〇 所得税・住民税・国民健康保険には認められ、住民税非課税判定・介護保険には認められない繰越控除について調べてみました。

 

〇 繰越控除に関する税法上の説明は、谷口勢津夫著「税法基本講義第5版」(弘文堂)によれば以下の通りです。

 「個人は、暦年ごとに、収支を清算し、損失を切り捨てて、生活することができないにもかかわらず、期間税である所得税に関する「暦年課税の原則」のもとでは、個人の経済生活が課税上暦年で形式的・画一的に分断され、暦年ごとに所得税の課税基準および税額を計算する建前「期間計算主義」が採用される。

 

 その結果、現実の経済生活における担保力の考慮も、暦年ごとに分断され、暦年内で考慮しきれない担保力の減少が切り捨てられることになる。
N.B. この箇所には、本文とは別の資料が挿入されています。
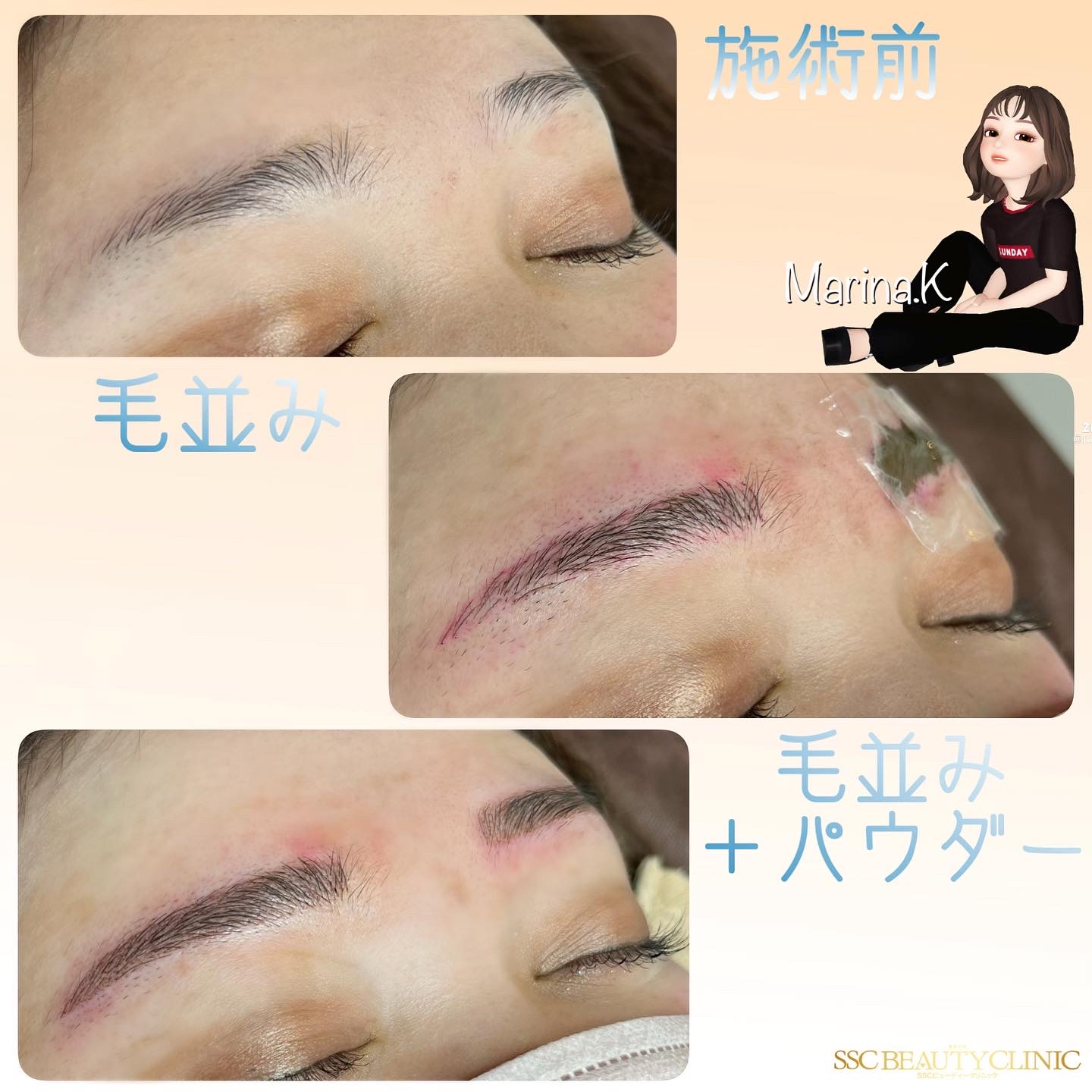 sscb_kumagai_eyebrow_0818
 所得税法は、期間計算主義の例外として、純損失の繰越控除を定めることによって、担保力に応じた公平な課税を、暦年横断的に実現しようとしたものと解される」

 

 

〇 所得税・住民税における繰越制度の導入は以下の通りです。

・平成10年度(1998) 繰越控除制度創設
 住宅の買換えによって生じた譲渡損失を、翌年以降3年間に繰り越して各年の所得から控除することを認める特例が平成10年度に創設。

 

・平成11年度(1999年)住民税にも適用
 所得税だけに認められていた繰越控除制度が、住民税にも適用。

 

・平成14年度(2002年)上場株式等の譲渡損失の繰越控除制度の創設
 平成15年1月1日以後に上場株式等についても繰越控除が適用。

 

〇 法律上、所得税・住民税では、繰越控除が認められ、その一方で、住民税非課税制度や介護保険では、繰越控除が認められない、何とも不可解であり、憤りを覚えます。